Snowflake makes a cloud-based data storage platform with a wide range of features including cybersecurity, collaboration and governance control. There are many uses for this data lake or data warehouse service; supporting machine learning and data science is one of the most popular. Snowflake’s cloud supports many common applications and can run many Python applications on the data stored in its cloud.

Kaggle is a data science platform that offers both storage and analysis, both for private datasets and for many of the public ones from sources like governments and universities. The data science is often done with notebook-based code that runs locally in Kaggle’s cloud using either standard hardware or specialized Graphic Processing Units or Tensor Processing Units. The company also sponsors data science contests which some companies use to tap into the creativity and wisdom of the open community. 

The Databricks Lakehouse Platform supports storing and analyzing data either in its cloud, in many of the big clouds, or on premises. The tool helps orchestrate complex workflows that collect data from multiple sources, integrating it and then generating charts, graphs, tables and other reports. Many of the most common data science routines are easily applied as steps in these workflows. The goal is to provide a powerful data collection and storage platform that also produces good data science in the process. 

Is there anything that data science can’t do? 

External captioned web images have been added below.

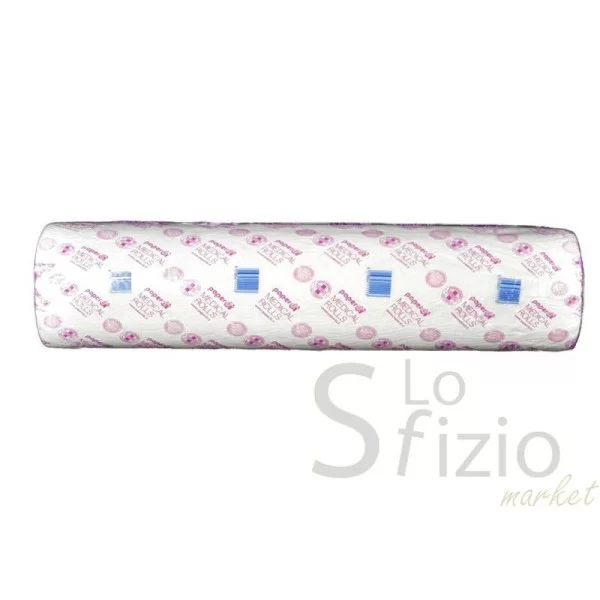PAPERDI LENZUOLINO 60X80 70MT
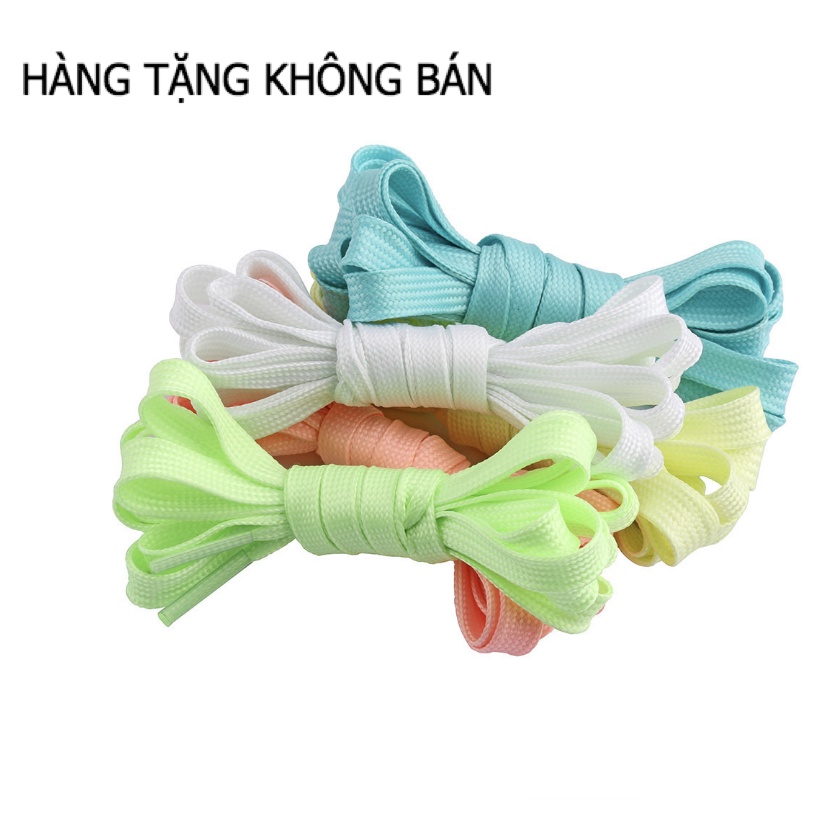 Giày bốt nữ khoá kéo đế cao 4cm chất da mền G27 mã số 50 +Tặng 1 đôi vớ dễ thương + 2 sợ dây giày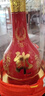 郎酒 红花郎15 酱香型白酒 53度 500mL*1瓶 单瓶装 （年份包装随机） 实拍图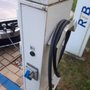 Photo of RTB Ladestation Unteräsch - nabíjacia stanica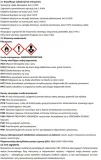 rozpuszczalnik-terpin-0-5l-stan-nowy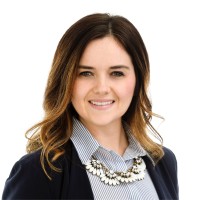 Alison Peterson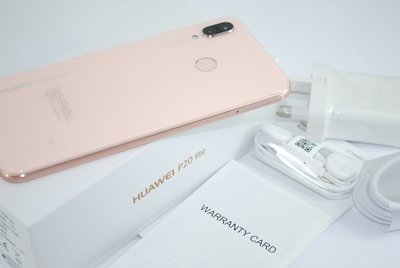 Like New Mobile Phones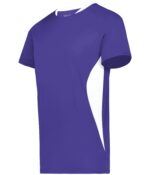 Octane Soccer Jersey - Image 13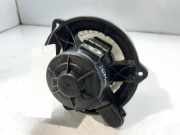 Heizlüfter - F00S33F023 Hyundai Comfort 90 CV / 66 KW
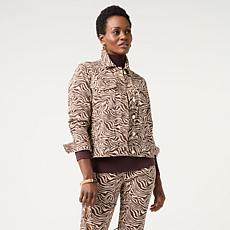 "As Is" C. Wonder Wonder Stretch Jacket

Questions about the limitations of science have been a deep and often philosophical question for scientists over the years. The same questions about the power and precision of mathematical tools are important for users who want to understand how businesses and other organizations function. The limits of statistical analysis and machine learning apply just as readily to data science work. 

In many cases, the problems aren’t with the mathematics or the algorithms. Simply gathering good-quality data is a challenge. Analysis can’t really begin to be trustworthy until data scientists ensure that their data is reliable and consistent.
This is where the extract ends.